Security Patches — Advanced-RVC-Inference

This document lists every security hardening applied on top of upstream ArkanDash/Advanced-RVC-Inference. All changes are defense-in-depth — none of them alter training or inference numerics, so vocal fidelity is bit-for-bit identical to upstream.

The single source of truth for the safe-load helpers is arvc/engine/models/safe_load.py. Everything else in this document is a call-site patch that routes through those helpers.

1. `torch.load` → `safe_torch_load`

torch.load(..., weights_only=False) is a known arbitrary-code-execution vector — a malicious .pth / .pt file can run any Python code the moment it is loaded. The safe_torch_load helper forces weights_only=True and refuses to fall back to the unsafe legacy loader even on old PyTorch.

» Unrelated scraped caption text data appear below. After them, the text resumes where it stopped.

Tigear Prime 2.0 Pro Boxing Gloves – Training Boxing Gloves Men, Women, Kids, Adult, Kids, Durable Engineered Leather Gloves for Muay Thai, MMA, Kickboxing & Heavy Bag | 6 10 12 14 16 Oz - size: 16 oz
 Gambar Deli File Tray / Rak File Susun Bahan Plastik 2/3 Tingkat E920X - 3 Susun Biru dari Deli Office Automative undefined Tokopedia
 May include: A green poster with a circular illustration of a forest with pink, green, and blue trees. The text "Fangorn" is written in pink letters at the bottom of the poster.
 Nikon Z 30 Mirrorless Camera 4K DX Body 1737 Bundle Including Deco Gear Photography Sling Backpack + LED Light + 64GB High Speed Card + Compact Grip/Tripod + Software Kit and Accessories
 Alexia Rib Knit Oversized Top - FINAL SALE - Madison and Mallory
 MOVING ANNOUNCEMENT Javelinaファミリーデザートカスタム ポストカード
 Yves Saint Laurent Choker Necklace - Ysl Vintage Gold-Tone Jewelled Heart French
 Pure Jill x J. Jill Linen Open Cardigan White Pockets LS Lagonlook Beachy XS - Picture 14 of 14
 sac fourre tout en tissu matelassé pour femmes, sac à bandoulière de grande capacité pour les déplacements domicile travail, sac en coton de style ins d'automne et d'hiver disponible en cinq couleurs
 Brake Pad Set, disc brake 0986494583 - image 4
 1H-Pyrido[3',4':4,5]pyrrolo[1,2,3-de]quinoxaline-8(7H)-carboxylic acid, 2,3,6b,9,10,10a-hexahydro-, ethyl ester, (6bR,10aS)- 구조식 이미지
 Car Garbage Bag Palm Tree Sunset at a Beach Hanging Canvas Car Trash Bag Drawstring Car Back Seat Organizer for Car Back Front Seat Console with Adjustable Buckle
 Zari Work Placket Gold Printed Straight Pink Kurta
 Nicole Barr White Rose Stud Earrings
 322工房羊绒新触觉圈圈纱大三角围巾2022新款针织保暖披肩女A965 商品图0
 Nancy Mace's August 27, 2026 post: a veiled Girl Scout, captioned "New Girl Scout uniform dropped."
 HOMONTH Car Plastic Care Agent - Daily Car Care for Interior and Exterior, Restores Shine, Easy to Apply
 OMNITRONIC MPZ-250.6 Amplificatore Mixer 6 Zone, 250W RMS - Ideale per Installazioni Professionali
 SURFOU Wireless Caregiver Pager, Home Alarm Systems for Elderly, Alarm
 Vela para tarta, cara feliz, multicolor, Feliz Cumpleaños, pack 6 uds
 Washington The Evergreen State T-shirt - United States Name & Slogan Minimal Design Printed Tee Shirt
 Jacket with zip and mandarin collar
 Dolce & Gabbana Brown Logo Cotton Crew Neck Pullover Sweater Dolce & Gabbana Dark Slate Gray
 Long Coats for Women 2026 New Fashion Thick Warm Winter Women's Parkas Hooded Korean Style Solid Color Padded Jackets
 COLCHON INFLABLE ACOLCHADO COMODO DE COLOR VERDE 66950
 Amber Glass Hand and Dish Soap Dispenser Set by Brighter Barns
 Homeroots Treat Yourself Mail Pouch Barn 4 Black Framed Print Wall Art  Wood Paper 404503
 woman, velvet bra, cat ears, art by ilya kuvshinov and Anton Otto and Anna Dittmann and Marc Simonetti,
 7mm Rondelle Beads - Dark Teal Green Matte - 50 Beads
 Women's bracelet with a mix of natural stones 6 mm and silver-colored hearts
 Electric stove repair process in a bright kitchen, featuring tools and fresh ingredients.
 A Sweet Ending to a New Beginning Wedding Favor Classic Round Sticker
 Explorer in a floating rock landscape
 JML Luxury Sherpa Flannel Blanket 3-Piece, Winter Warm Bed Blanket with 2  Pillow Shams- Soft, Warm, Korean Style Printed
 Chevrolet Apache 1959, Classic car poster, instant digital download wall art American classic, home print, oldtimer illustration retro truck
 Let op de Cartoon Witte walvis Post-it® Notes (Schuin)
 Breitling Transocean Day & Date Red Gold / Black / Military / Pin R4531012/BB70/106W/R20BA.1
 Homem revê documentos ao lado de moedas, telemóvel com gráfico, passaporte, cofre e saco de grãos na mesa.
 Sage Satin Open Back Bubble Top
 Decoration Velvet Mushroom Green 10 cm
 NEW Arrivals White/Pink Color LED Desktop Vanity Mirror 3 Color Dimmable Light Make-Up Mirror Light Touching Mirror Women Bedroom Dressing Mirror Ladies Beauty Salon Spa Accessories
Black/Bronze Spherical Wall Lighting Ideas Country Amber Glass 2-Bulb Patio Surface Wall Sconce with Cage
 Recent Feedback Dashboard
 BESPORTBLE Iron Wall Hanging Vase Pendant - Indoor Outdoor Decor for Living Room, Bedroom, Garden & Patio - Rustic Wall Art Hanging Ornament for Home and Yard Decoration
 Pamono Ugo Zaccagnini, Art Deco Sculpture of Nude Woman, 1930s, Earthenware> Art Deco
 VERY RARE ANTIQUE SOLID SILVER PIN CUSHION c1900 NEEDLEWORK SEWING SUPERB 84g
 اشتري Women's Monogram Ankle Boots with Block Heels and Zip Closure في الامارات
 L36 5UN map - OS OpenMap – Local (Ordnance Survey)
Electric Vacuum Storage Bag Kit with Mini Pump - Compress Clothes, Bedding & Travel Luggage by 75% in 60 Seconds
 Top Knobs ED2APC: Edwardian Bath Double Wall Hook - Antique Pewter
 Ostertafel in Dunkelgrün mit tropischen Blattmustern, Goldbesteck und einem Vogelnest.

Call sites patched (16 files)

File	Was	Now
`arvc/engine/models/predictors/PESTO/PESTO.py:25`	`torch.load(model_path, map_location="cpu", weights_only=True)`	`safe_torch_load(model_path)`
`arvc/engine/models/predictors/PENN/PENN.py:84`	same	same
`arvc/engine/models/predictors/RMVPE/RMVPE.py:27`	same	same
`arvc/engine/models/predictors/CREPE/CREPE.py:33`	same	same
`arvc/engine/models/predictors/DJCM/DJCM.py:27`	same	same
`arvc/engine/models/predictors/FCPE/FCPE.py:243`	same	same
`arvc/engine/models/predictors/FCPE/FCPE.py:293`	same	same
`arvc/engine/training/runner/train.py:663`	`torch.load(chk_path, map_location="cpu", weights_only=True)`	`safe_torch_load(chk_path)`
`arvc/engine/training/runner/train.py:1002`	`torch.load(pretrainG, ...)["model"]`	`safe_torch_load(pretrainG)["model"]`
`arvc/engine/training/runner/train.py:1020`	`torch.load(pretrainD, ...)["model"]`	`safe_torch_load(pretrainD)["model"]`
`arvc/engine/training/runner/data_utils.py:130`	`torch.load(spec_filename, weights_only=True)`	`safe_torch_load(spec_filename)`
`arvc/engine/training/runner/utils.py:46`	`torch.load(checkpoint_path, ...)`	`safe_torch_load(checkpoint_path)`
`arvc/engine/speaker/whisper.py:49`	`torch.load(fp, ...)`	`safe_torch_load(fp)`
`arvc/engine/models/onnx/onnx_export.py:22`	`torch.load(input_path, ...)`	`safe_torch_load(input_path)`
`arvc/engine/uvr/uvr5_lib/uvr/vr_separator.py:60`	`torch.load(self.model_path, ...)`	`safe_torch_load(self.model_path)`
`arvc/engine/models/embedders/fairseq.py:37`	`torch.load(filename, ...)`	`safe_torch_load(filename)`

2. Restricted `pickle.Unpickler`

arvc/engine/models/safe_load.py:_RestrictedUnpickler only allows primitive Python types (dict, list, tuple, int, str, …) and a small set of numpy types. Every REDUCE / BUILD / OBJ opcode targeting a non-whitelisted class raises pickle.UnpicklingError. This blocks every known pickle-based RCE gadget (os.system, subprocess.Popen, builtins.eval, __import__, etc.).

Used by:

arvc/engine/models/predictors/WORLD/WORLD.py
arvc/engine/uvr/uvr5_lib/vr_network/model_param_init.py
arvc/engine/models/embedders/fairseq.py (fallback path)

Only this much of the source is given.